Your strengths and weaknesses are two of the toughest things to answer about yourself during the face-to-face interrogation. Okay, maybe describing the interview as an interrogation is a tad bit harsh, but let’s be realistic and call it what it really is at times.
So what is the best way to answer these two grueling questions you ask? Well, let’s start with strengths.
When a hiring professional is asking about your strengths, she/he is assessing how you will answer and how it will relate to the position being discussed. For example, if you are interviewing for a sales position, then the answer should be that position, such as, your strength with increasing sales, customer retention, new customer acquisition, and so on. According to Gill Lambert, in her article on Linkedin, https://www.linkedin.com/pulse/talking-strengths-weaknesses-interviews-g..., it is a good idea to have two to three separate strengths just in case the interviewer is persistent and wanting more information. Also, make sure that you can back those strengths up with cold hard facts or proof.

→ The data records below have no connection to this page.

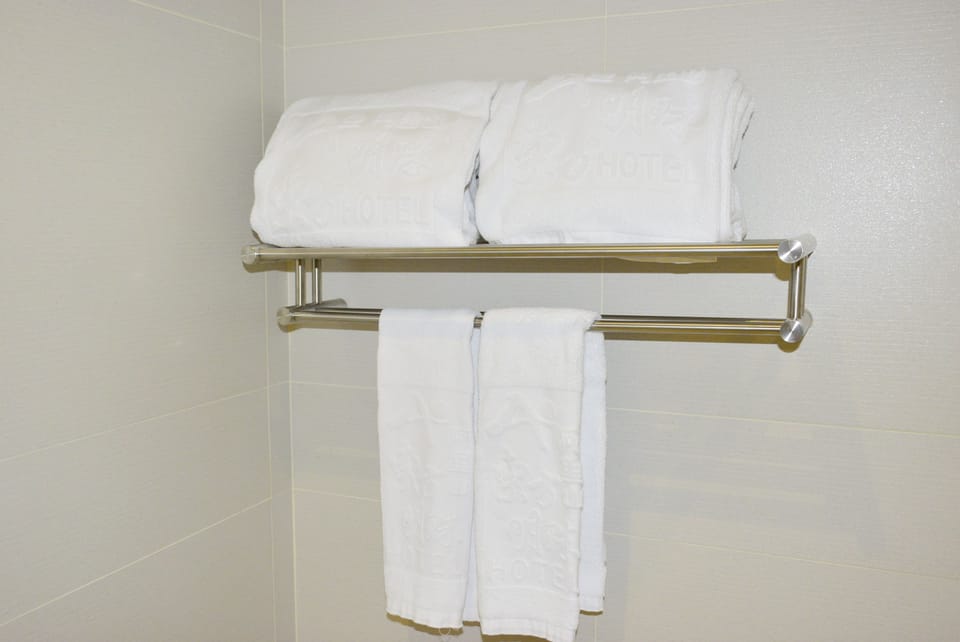 Shower, free toiletries, hair dryer, slippers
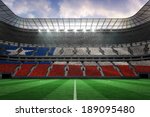 Digitally generated chile national flag against large football stadium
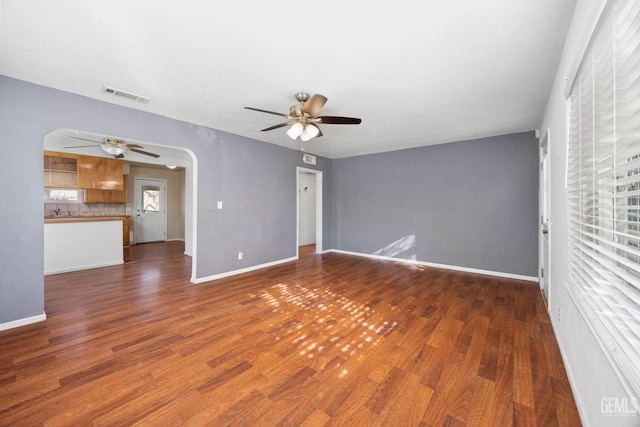 1909 Carrere St, Bakersfield, CA 93308 - spare room featuring visible vents, wood finished floors, arched walkways, and ceiling fan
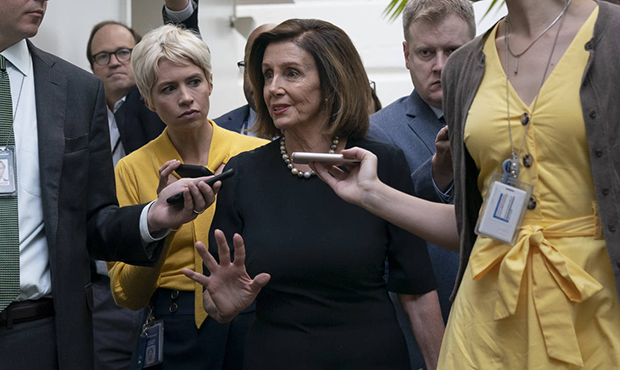 Speaker of the House Nancy Pelosi, D-Calif., is surrounded by reporters as she arrives to meet with...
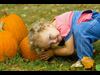 little girl with pumpkin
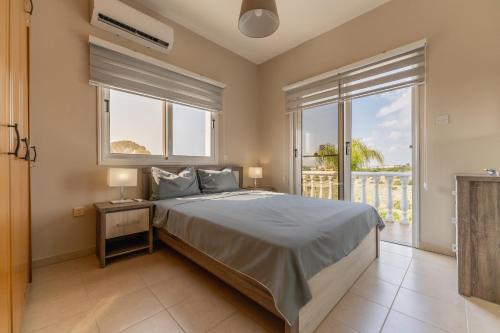 a bedroom with a bed and a large window at Villa Mespila_ Ayia Napa in Ayia Napa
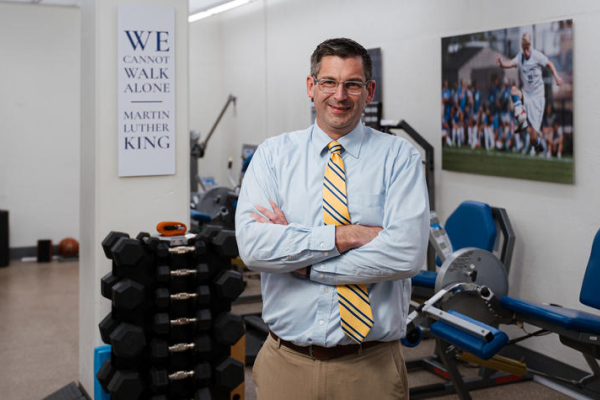 Person stands with arms crossed in a biomechanics lab containing dumbbells, exercise equipment and wall displays, including a sign reading, “We cannot walk alone.”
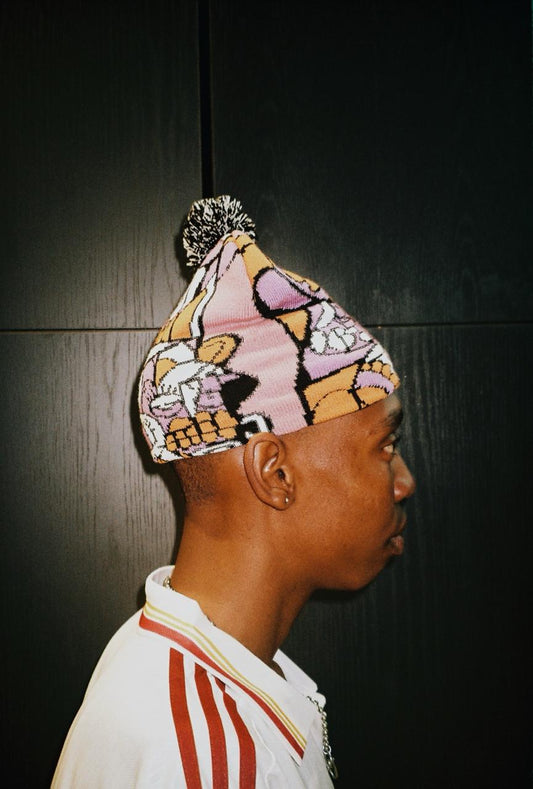 A side-profile portrait of a man wearing a pink knit beanie with a multicolor cartoon graphic print and a black-and-white pom-pom. He is wearing a white shirt with red stripes against a dark paneled background.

Now for the really tough one...the dreaded weaknesses question. How should you answer a question that feels a lot like you are being asked to downright criticize yourself? Well, actually, this type of question will actually benefit you. The hiring professional wants to know how candid you can be, but also, how you handle yourself when faced with a challenge. For this type of question, the answer may relate to a task or software program that you are unfamiliar with, but are eager to learn. Law offices typically use some type of Practice Management Software such as PCLaw, or Timeslips, with which an applicant may be highly proficient using, however, maybe a weakness is lack of knowledge in Microsoft PowerPoint. Try to use an example of a weakness that is not essential to the job, but is a task or skill that may be used on occasion and a skill that can be learned quickly. Another example may be in the retail industry. A retail sales clerk may be highly experienced in Point of Sale (POS) programs; however, she/he may reference using Excel Spreadsheets as a weakness. The reason being, the job might not require using Excel initially upon hiring; however, it the applicant is ever up for promotion to store manager or sales manager, then Excel will come into play due to having to prepare monthly, quarterly, yearly sales reports for example.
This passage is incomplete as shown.